Commissioners Tracy Doolittle, Rick Handley and Sam Nibert met for a special executive session on Friday to discuss EMS service in the county, and how to pay for it. Before adjourning into executive session, commissioners took comments from members of the public who showed up to attend the meeting.
There were members from a few local fire departments who had heard the commission may be voting on creating an EMS fee to assist with funding EMS services. Some firefighters spoke about their collaborative role with EMS as first responders, often arriving on the scene first to secure it and what that entails given the situation, including if someone is injured. There were questions about what any fee would cost, and where and how it would be distributed.
Commissioners said they welcomed dialogue from everyone on this issue of funding EMS. They also explained they were not voting on an EMS fee, or even placement of an EMS levy, on Friday. They met on Friday to crunch the numbers in regards to finding funding for EMS. That process of finding a solution is ongoing, commissioners told those gathered.
“We really have to go through everything that’s being done up there (at EMS) before any decision is made,” Doolittle said while holding a stack of paperwork which included EMS expenses and reports. “It’s like Sam (Nibert) said, we owe that to the people in this county.”
Doolittle further explained: “This whole situation has gotten us all concerned because the majority of our people in Mason County are living on fixed incomes and of course, we have to take care of them. Everybody here is very, very important. So what is our best option?”
Nibert then talked about changes in Medicare and Medicaid billing that have had a huge effect on the bottom line regarding what EMS could bill and be reimbursed for. He said a difference between a levy and a fee was the way it was collected. Levy money is paid with the collection of taxes and a fee would be collected by a designated agency. Commissioners Nibert and Handley said a fee could be collected by an ambulance authority or the sheriff’s office. Nibert clarified whichever agency collected it would have to be spelled out in an ordinance and all the money from a fee would go into its own designated account.

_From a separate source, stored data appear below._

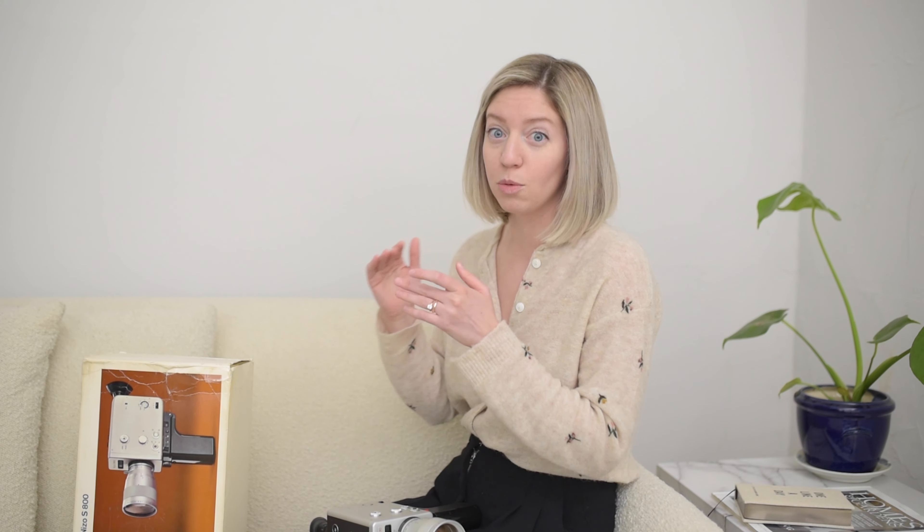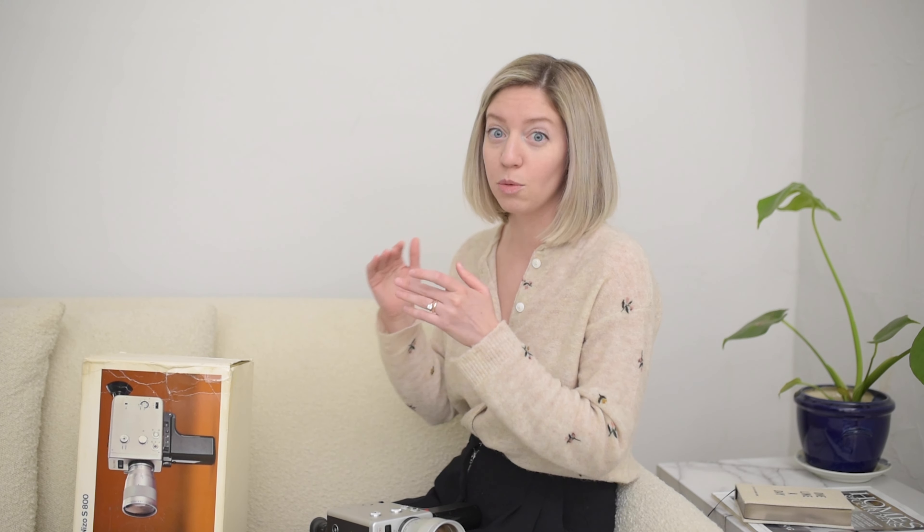There are three modes: normal speed, slow-mo, and then super speed. As you see in some of the footage, my dog Maple is flying around at warp speed — she's not really that fast in real life. But it was kind of a happy accident because it added this fun movement. Same thing with my nephews; they look kind of crazy, moving so fast.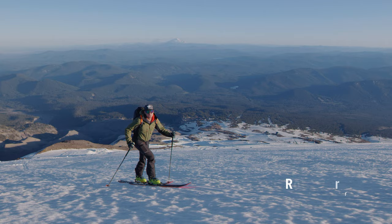Hey, what's up? It's Ross with Dynafit. We're here at Mount Hood, Timberline.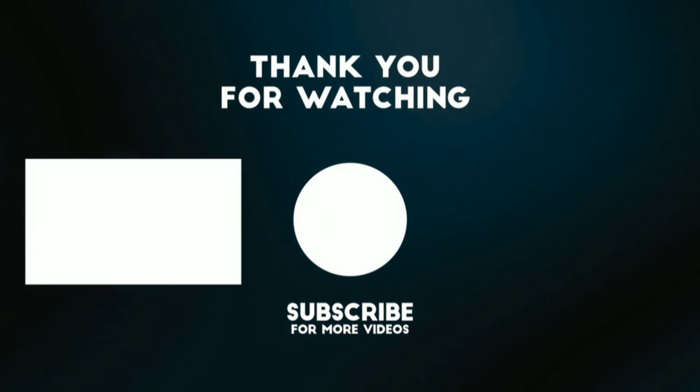Friends, if you like this project please like and subscribe to the channel. Don't forget to check out science-related and exciting videos from Young Scientist.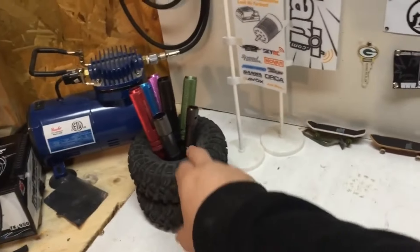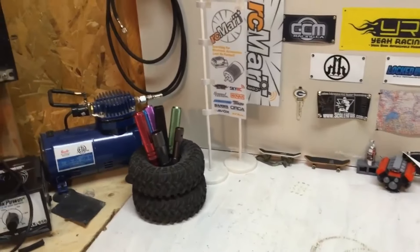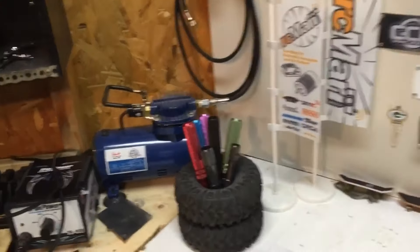And if you have a couple extra tires, I put a piece of PVC tubing in there and glued it all together. Now you've got a nice tool holder.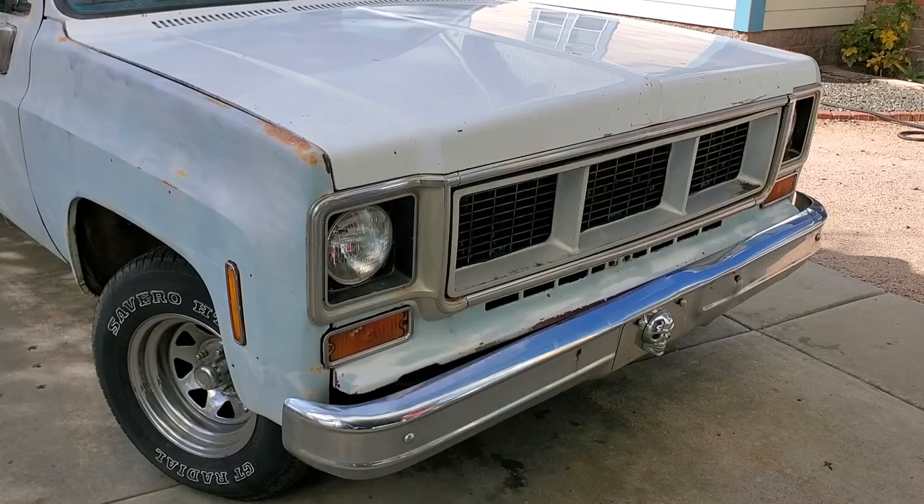Up front here on the truck, you can see that whoever had it was kind of a skull freak — there are skulls all over the truck right now. The front bumper brackets are bent and the bumper's bent up a little bit. There's no point in re-chroming that bumper since new bumpers are available and so inexpensive it doesn't even make sense. The grill is also wrong for the year — we don't even know which year it is. We'll put the correct one in there when we get around to fixing that up. That's all cosmetic work, but structurally it's sound.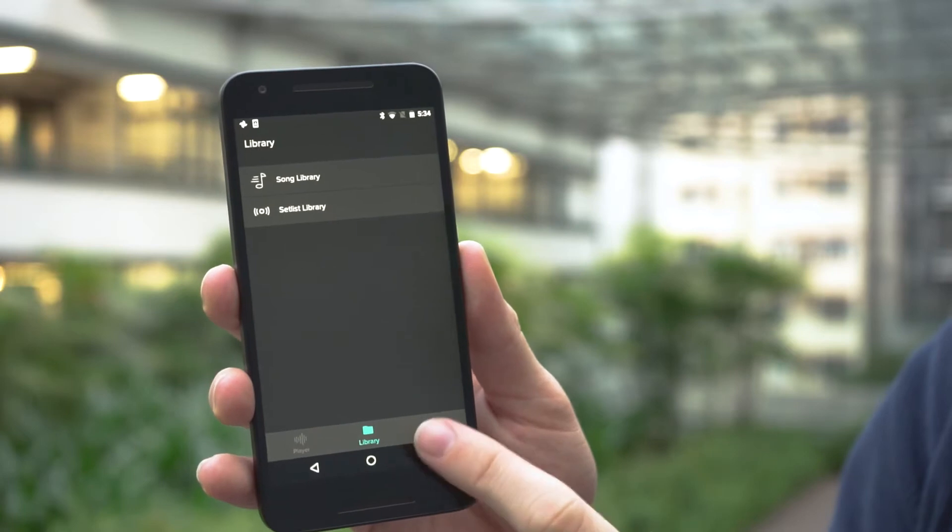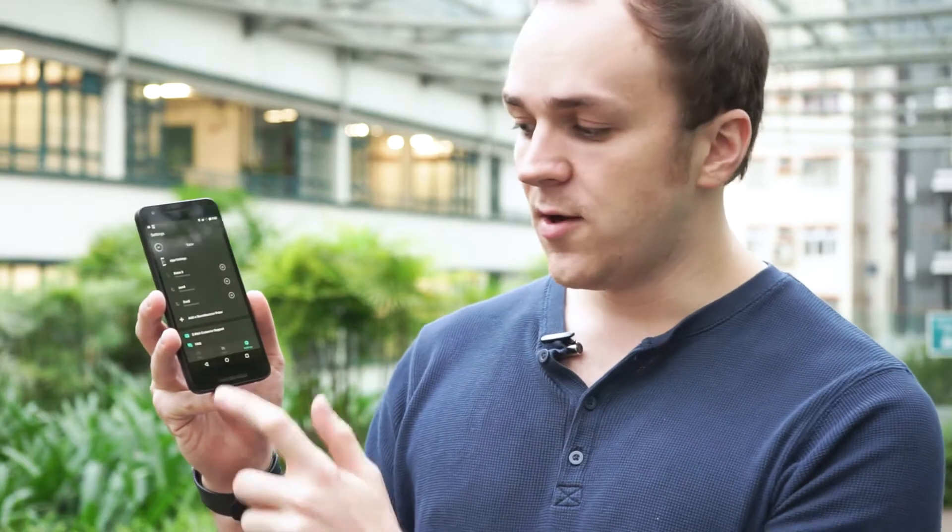For Android, we also have a huge update. First of all, we changed the navigation from a hamburger menu in the top left to this beautiful bottom navigation menu. The advantage is that when you're making music, you're just one tap away from the library or the settings, rather than having to wait for the animation for the menu to fold up and tapping twice. I think it's a really nice improvement in the UI and UX. In addition, we also brought the beautiful new colors from iOS to Android, and we changed the icons to material design to match the whole look and feel of Android even better.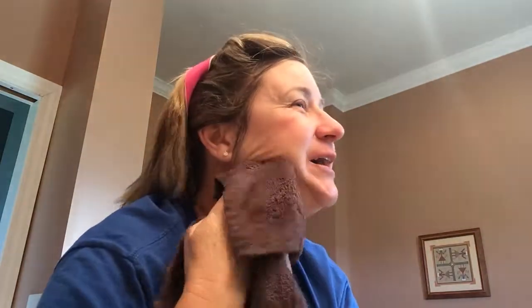Cackle Spackle is our charcoal mask from Perfectly Posh and it detoxes your skin. You leave it on — it's got a great smell, eucalyptus and spearmint oils. Then you wash it off with just water and a washcloth, so you're not tearing anything on your skin.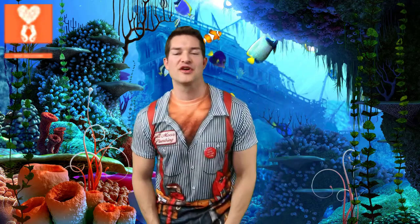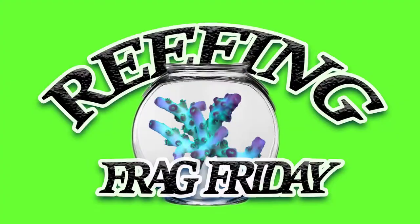Good morning Reefers, I'm Daniel from CoraLesson. Today it's Frag Friday and I have something really cool I want to share with you guys. I've been designing some new items on my 3D printer and this is just a prototype for a frag rack adapter.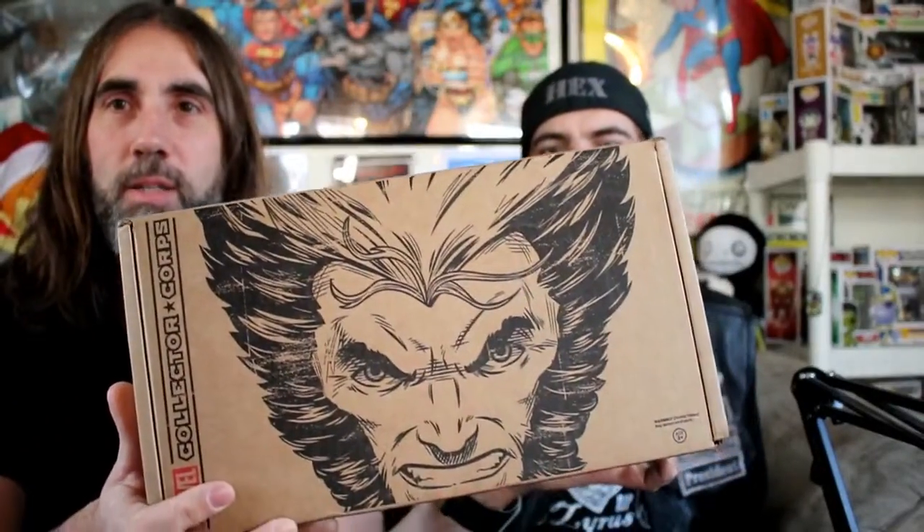We've got the Marvel Collector Corps for December's box. Look at that artwork - that's what I love about these boxes, the artwork. We found a box knife so we can do a proper unboxing. This box is sponsored by Funko - the same people that make the DC Legion of Collectors and the Star Wars Bounty box. This one is X-Men themed.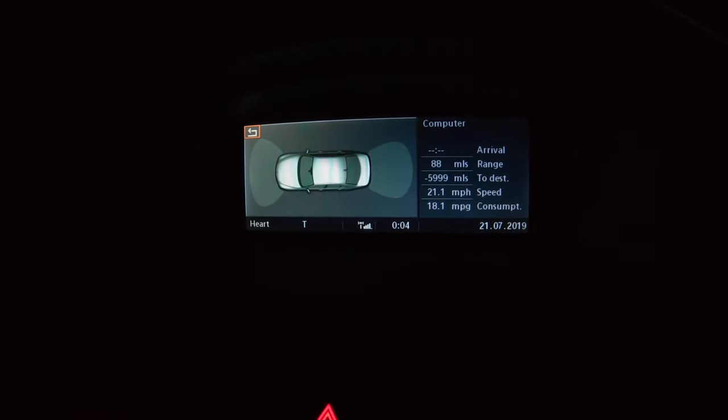Okay guys, as you'll see the button is now stable green. I'm away from every object and the sensors aren't acting up — they're just sitting there steady. There's no more triangle, no more fault for the parking sensors at all. The light is just sitting perfect.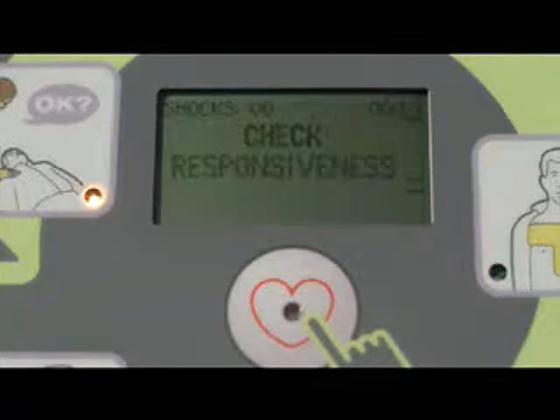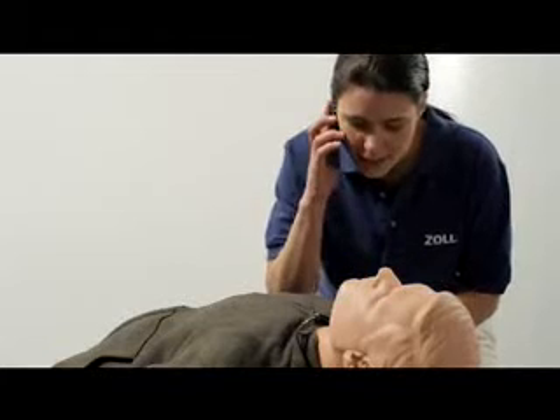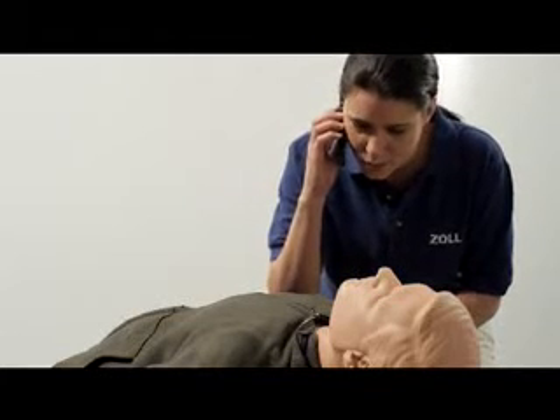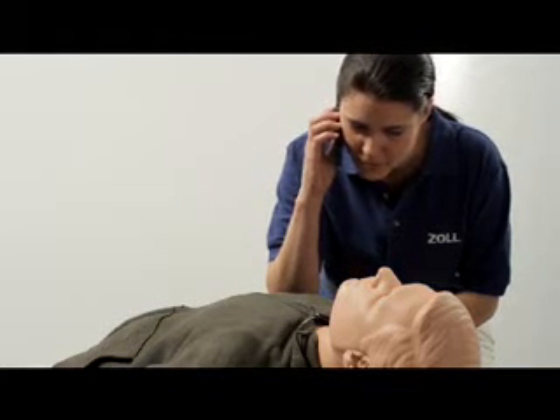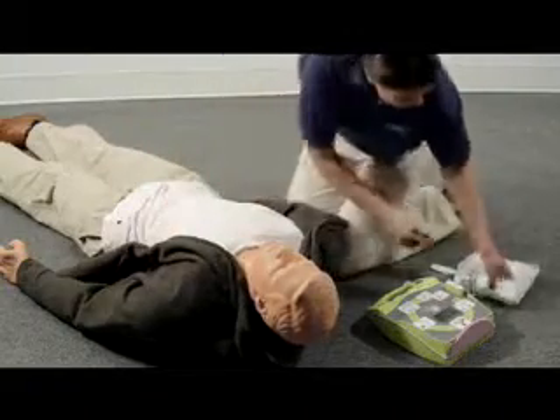Check responsiveness: "Are you okay? Call for help." The rescuer calls emergency services: "Hi, this is Julie Sanders. I'm at 445 North Park Avenue and my friend is unresponsive. Please send help." Then attach the defib pads to the patient's bare chest.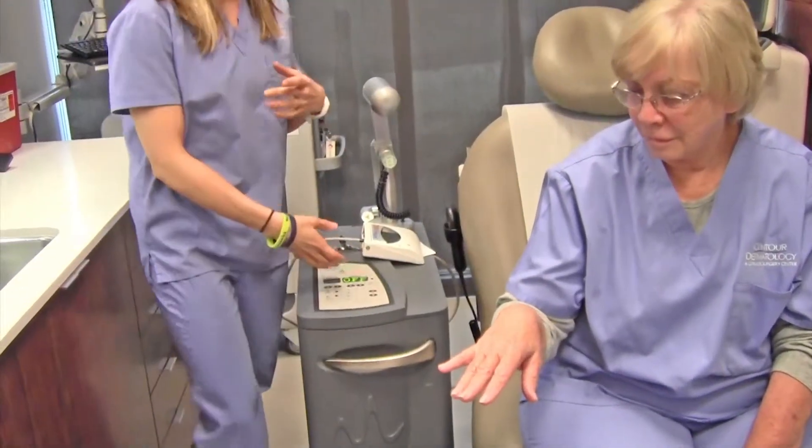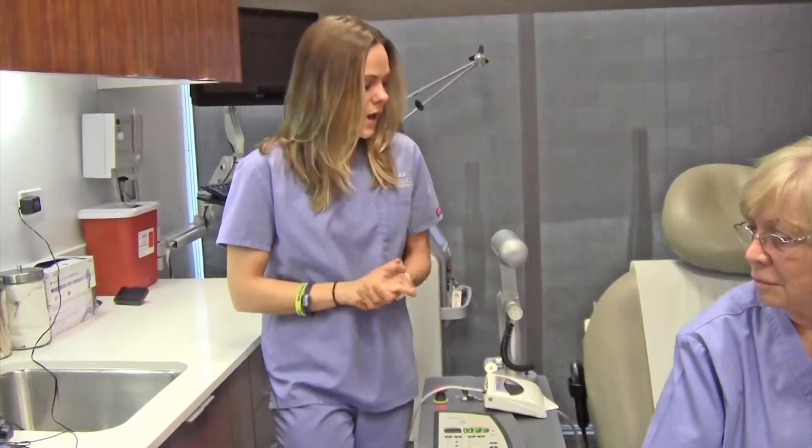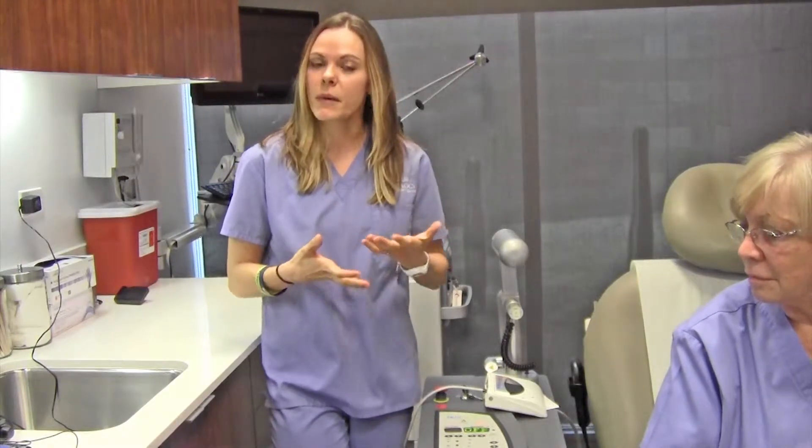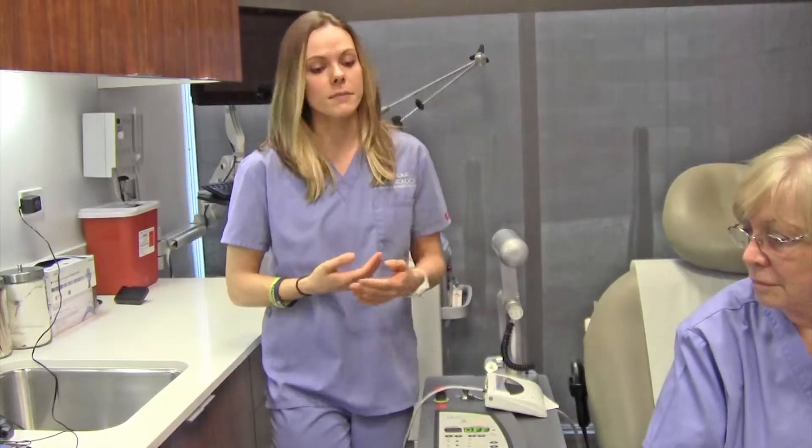What this laser does is it uses a special light, and the light is absorbed by the melanin, which is then broken down, and the pigmented lesion is lightened. Typically, you need about one to five treatments, depending on the lesion color. If it's darker, you may need more than that, so it just varies based on the person.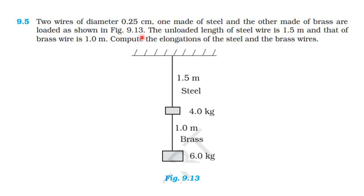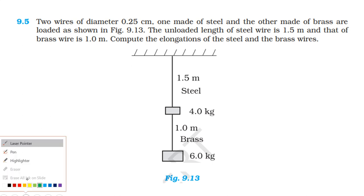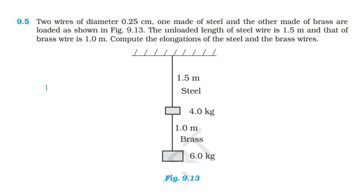The diameter of the two wires is 0.25 centimeter, which is 2.5 into 10 power minus 3 meter.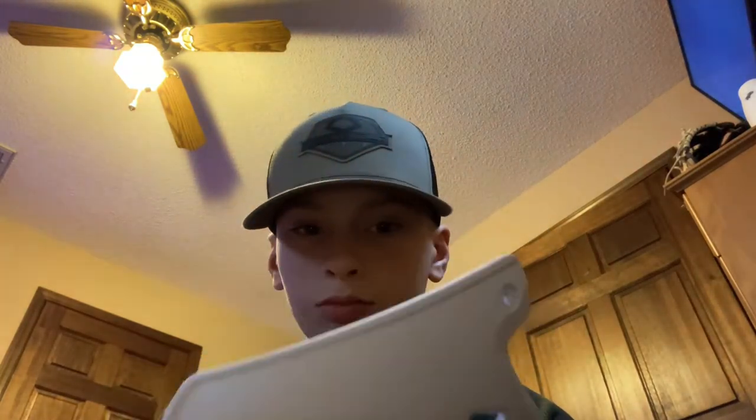I'm gonna be honest, I did not order this from EvoShield so it came in a different bag than an EvoShield would. But it's still brand new and it comes with the same thing. I got a matte white C-flap, EvoShield — it's clean, no dirt, nothing on it, brand new. And then it comes with the little screws. So that's the C-flap, let's get onto the helmet.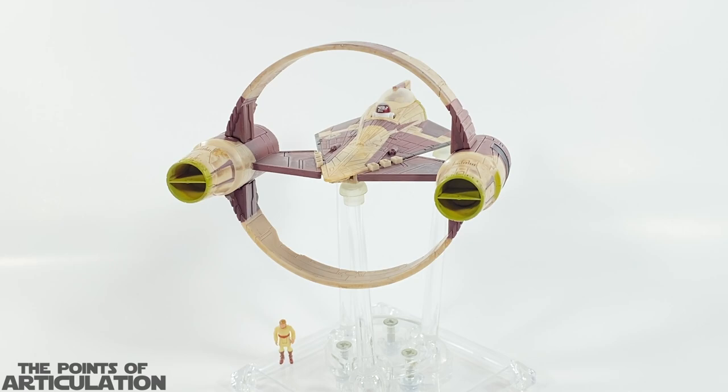Hello everybody and welcome back to another episode of the Points of Articulation. My name's Dave, and if you're new to the channel, welcome. Today I'm looking at the Star Wars Micro Galaxy Squadron Obi-Wan's Jedi Starfighter — it's number 14 in the set and was released in 2022.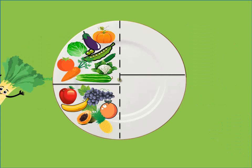The next quarter part of your plate should be grains. Make half of your grains whole, colourful, less processed with good fibre like whole wheat chapati, red rice, brown rice, ragi and millets.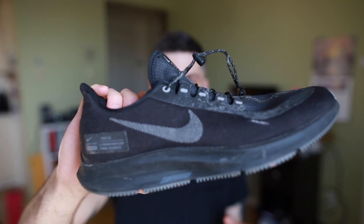That's my quick review on my winter running sneaker, the Pegasus 35 Shield. Hope you enjoyed it and we'll see you on the next video.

“Whatever we decide on…a fee, levy, whatever, its got to be a fix. We’ve got to fix the problem,” Nibert said. “We’ve got to take care of 27,000 people in Mason County. We’ve got to look at every one of them. We want it to be right.”
The general consensus from the commissioners was, in order to consider options, and find the best option, they have to take a detailed look at the most current EMS financial documents before, and if, they take any further steps.
Commissioners then adjourned into executive session and after adjourning back into regular session, no motion was made or action taken.
In attendance, in addition to Nibert, Handley and Doolittle, was County Administrator John Gerlach.
Beth Sergent is editor of Ohio Valley Publishing.